The introduction should give sufficient context to enable the assessors to visualise the project, the candidate's involvement and the extent of the case study; that is, will it deal with both planning and rights of light or just one of these?
It should then provide an overview of the issues selected and the rationale for their selection, explaining that there were options for the approach they took, that the client needed to be advised of the implications of each, and that they as a surveyor were required to give a recommendation.
In actual situations, recommendations would depend on the client's wishes and risk profile, which might differ from those of another client in the same circumstances. The candidate needs to explain how their advice might differ accordingly.

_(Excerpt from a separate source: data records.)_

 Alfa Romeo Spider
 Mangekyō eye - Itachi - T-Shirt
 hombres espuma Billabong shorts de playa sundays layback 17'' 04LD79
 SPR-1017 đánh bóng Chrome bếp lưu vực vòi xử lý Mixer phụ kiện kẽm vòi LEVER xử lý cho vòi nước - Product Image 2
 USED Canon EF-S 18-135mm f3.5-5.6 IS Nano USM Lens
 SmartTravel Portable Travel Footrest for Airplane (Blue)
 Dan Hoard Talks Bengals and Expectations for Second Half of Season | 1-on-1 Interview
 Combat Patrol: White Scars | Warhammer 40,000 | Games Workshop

In many cases, resolving these issues requires research. They might, for example, look at less well-reported case law and then seek legal advice to understand whether an argument might prove successful, or they might review recent planning appeals to understand which approach stands more chance of success. These would be examples of the lessons they had learned and demonstrate their ability to continue to develop knowledge.

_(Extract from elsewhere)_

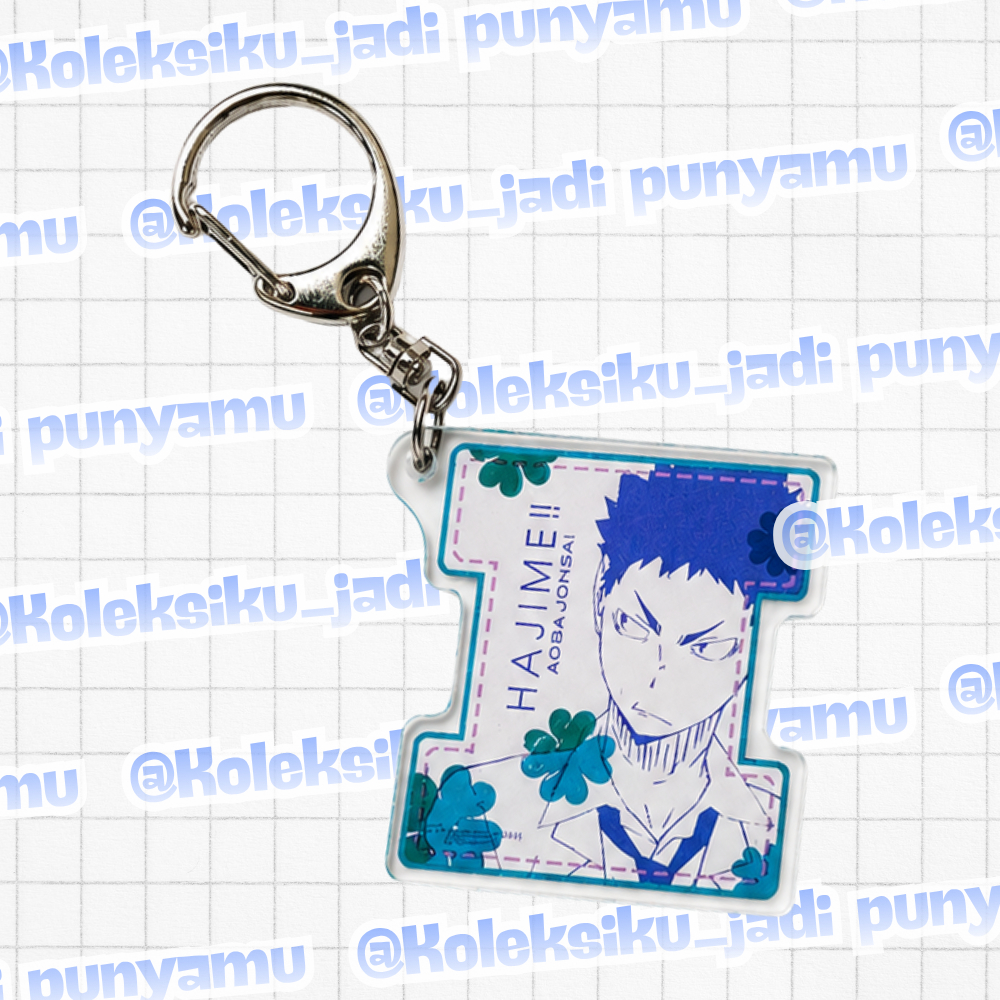 [READY] Ganci akrilik Haikyuu Iwaizumi Hajime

The conclusion should summarise the case study as a whole and not introduce any new information. Any additional relevant information can instead be included in their presentation at the final assessment.
Very few candidates produce a good submission at their first attempt, and this is particularly true of the case study. However, it is important to encourage a candidate to produce something. Ideally, with the help of their counsellor they will prepare a first draft that they can then amend, following the principles described above, before submitting it for review by the counsellor themselves and other professionals.
It is important that the candidate produces a final version that is their own work, and they must feel free to disagree with any suggestions. Above all, the counsellor should ensure the work is robust, considers all aspects and is grammatically and typographically correct.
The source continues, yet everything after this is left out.